# Flounder dive tonight



## jspooney (Oct 2, 2007)

Waiting on the pictures, but tonight was very nice. The pass was calm and the seas weren't over 2' or so. Maybe the occasional 3' and then it laid down ok. The water was crystal clear, maybe 50' viz, and very warm. We killed 9 Flounder and stoned 2 convicts. Overall, it was a super dive. My son Josh dove tonight and, again, he was a fish. His first night dive. We took it easy on the way in and returned to the dock ready for another day.


----------



## Five Prongs Of Fury (Apr 15, 2008)

Glad the weather turned out decent for y'all. Got a mess to fry too!!!


----------



## jaster (Oct 7, 2007)

Fine haul Jeff

Tell Josh great Job


----------



## k-dog (May 15, 2013)

You guys are nuts getting in water after dark im a chicken when it comes to that I want to be able to at least see whats going to bite me before it happens nice fish ill stick to a bow or gig


----------



## redlegs (Oct 1, 2007)

Night diving rockz!


----------



## Maverick2 (Jun 25, 2012)

I am pretty sure we waved to you as you were heading out, glad it laid down for y'all it was blowing pretty hard when we where heading in at 6:20 or so. I agree the water was super clear, but lots or jellyfish. Nice fish!!


----------



## jspooney (Oct 2, 2007)

Maverick2 said:


> I am pretty sure we waved to you as you were heading out, glad it laid down for y'all it was blowing pretty hard when we where heading in at 6:20 or so. I agree the water was super clear, but lots or jellyfish. Nice fish!!

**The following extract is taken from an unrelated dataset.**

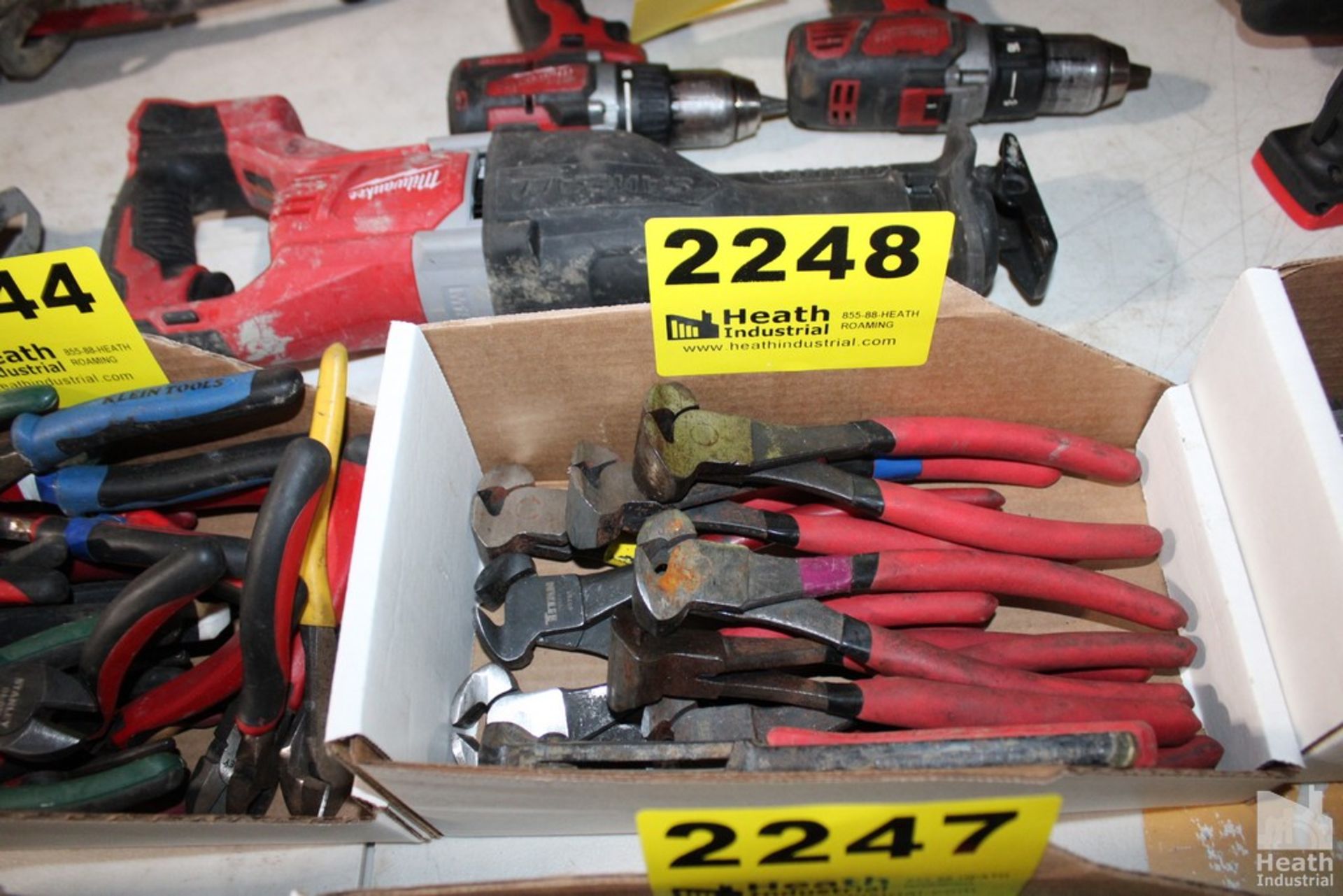 ASSORTED SIDE CUTTERS IN BOX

If you were in the cape with twins, that was us. I thought I saw a dive flag on your boat. And the jellies...yeah, plentiful and huge.


----------



## Maverick2 (Jun 25, 2012)

jspooney said:


> If you were in the cape with twins, that was us. I thought I saw a dive flag on your boat. And the jellies...yeah, plentiful and huge.


Yup that was us. Took a jelly to the face and it wasn't a fun experience.


----------



## GROUPERKING (Sep 28, 2011)

Really glad nothing ate y'all !


----------



## SaltAddict (Jan 6, 2010)

Nice haul. 

It's never the shark you see that gets you.


----------



## Redcross33 (Jan 8, 2014)

nice flatties


----------